▶ _Directions_
Whenever the word "with" appears in a line of the listing, copy that line.

▶ _Data shown_
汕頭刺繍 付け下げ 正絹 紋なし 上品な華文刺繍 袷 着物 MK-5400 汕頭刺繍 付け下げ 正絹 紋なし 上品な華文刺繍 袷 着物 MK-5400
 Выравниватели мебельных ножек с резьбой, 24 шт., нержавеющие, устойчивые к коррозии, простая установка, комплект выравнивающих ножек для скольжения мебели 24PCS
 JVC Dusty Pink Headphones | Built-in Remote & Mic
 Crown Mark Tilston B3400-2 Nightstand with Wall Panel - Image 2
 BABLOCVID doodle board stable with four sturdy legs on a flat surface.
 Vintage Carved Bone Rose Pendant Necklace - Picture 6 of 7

▶ _Solution for this task_
 Crown Mark Tilston B3400-2 Nightstand with Wall Panel - Image 2
 BABLOCVID doodle board stable with four sturdy legs on a flat surface.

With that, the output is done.